*** Data to examine Section Begins ***

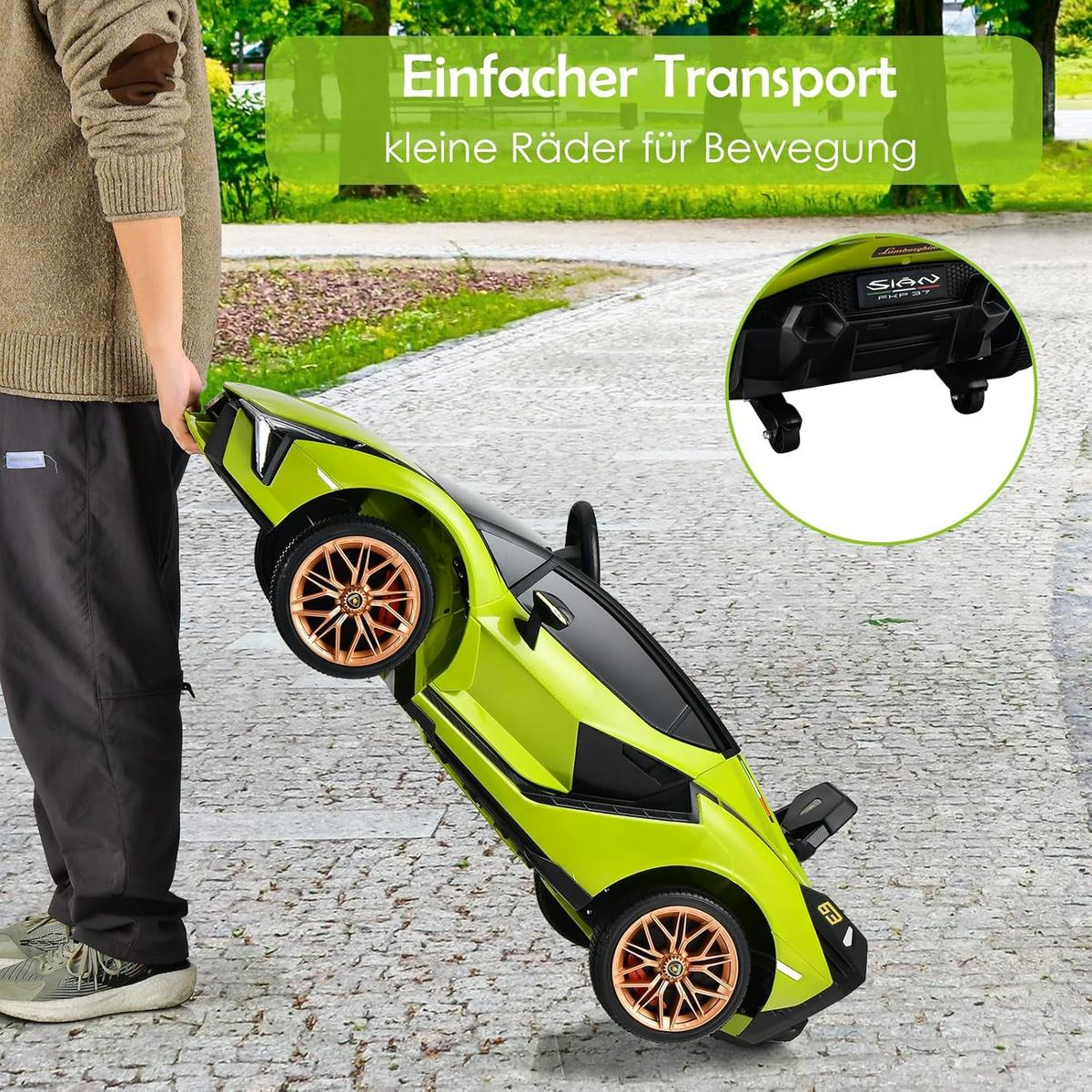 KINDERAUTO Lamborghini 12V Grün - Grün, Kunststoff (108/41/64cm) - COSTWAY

*** Data to examine Section Ends ***
*** Data to examine Section Begins ***

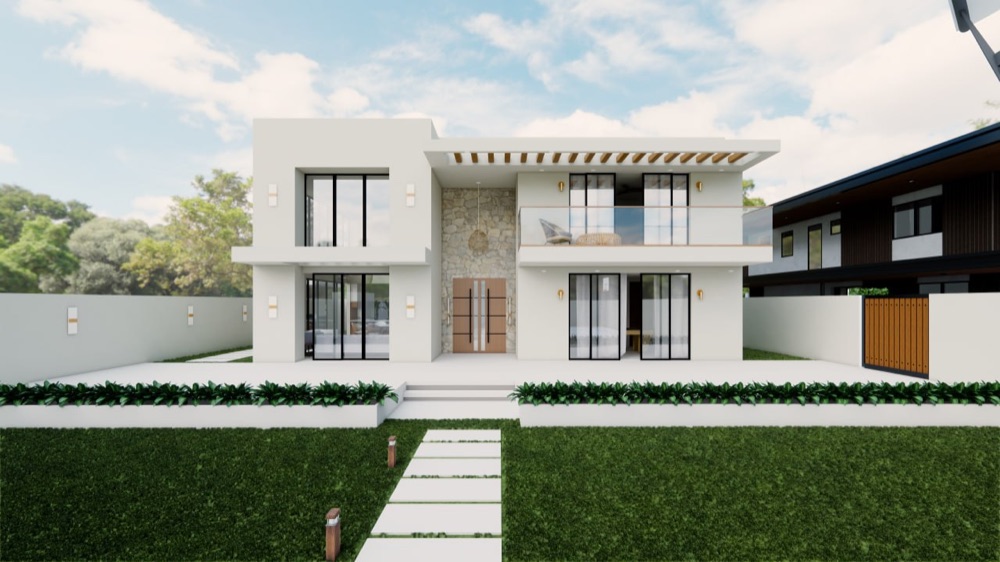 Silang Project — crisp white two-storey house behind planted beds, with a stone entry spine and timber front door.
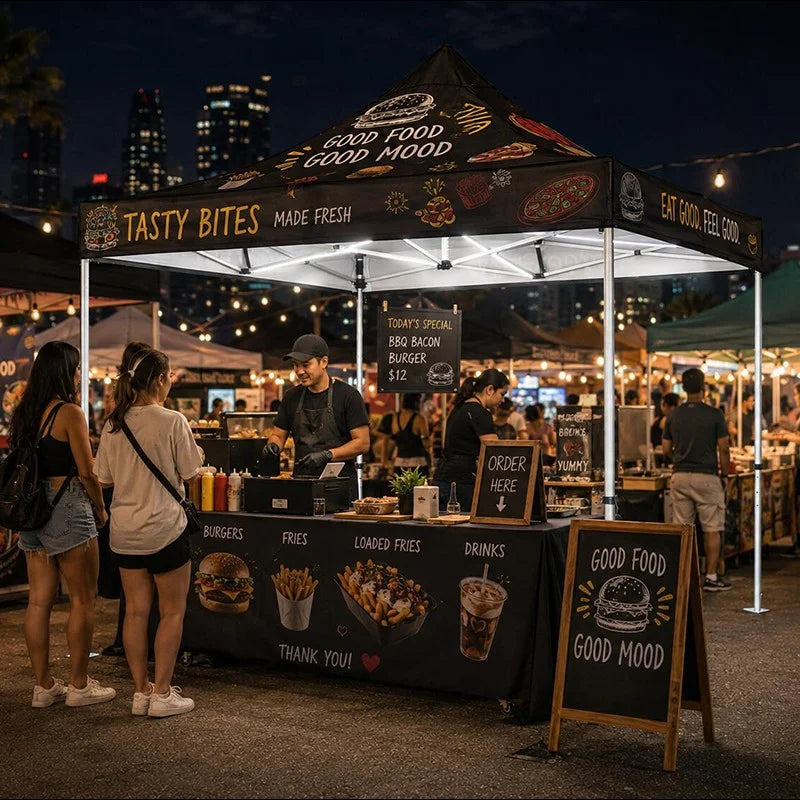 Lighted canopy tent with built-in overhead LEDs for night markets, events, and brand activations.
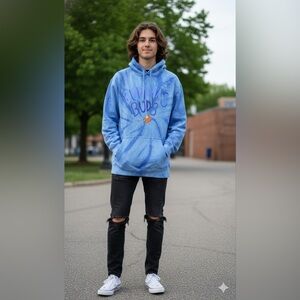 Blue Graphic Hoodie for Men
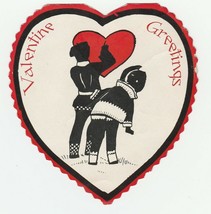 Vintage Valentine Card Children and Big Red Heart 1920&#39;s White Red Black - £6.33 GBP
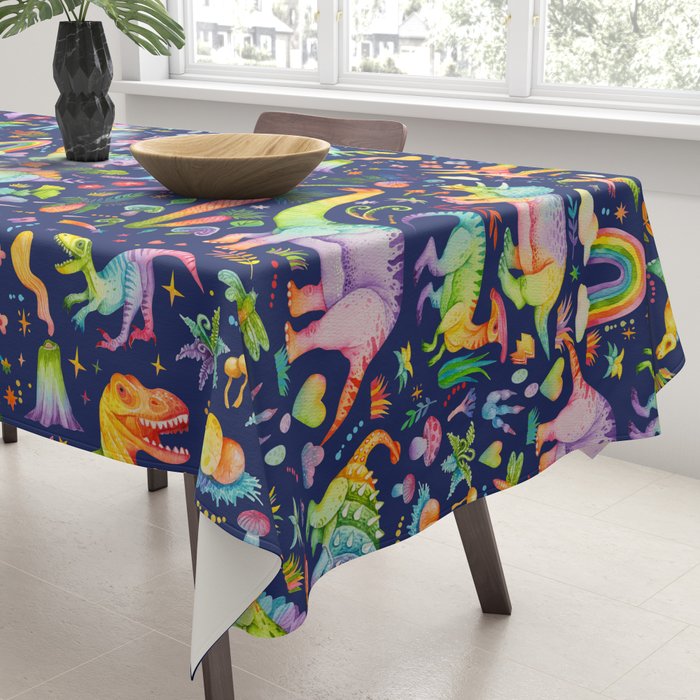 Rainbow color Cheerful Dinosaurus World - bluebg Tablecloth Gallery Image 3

*** Data to examine Section Ends ***

What needs to be done
Within the listing above, find the line containing "Vintage Valentine Card" and the line containing "Rainbow color Cheerful". Transcribe them and everything between them exactly, leaving out the pictures.

Answer to the exercise
 Vintage Valentine Card Children and Big Red Heart 1920&#39;s White Red Black - £6.33 GBP
 Rainbow color Cheerful Dinosaurus World - bluebg Tablecloth Gallery Image 3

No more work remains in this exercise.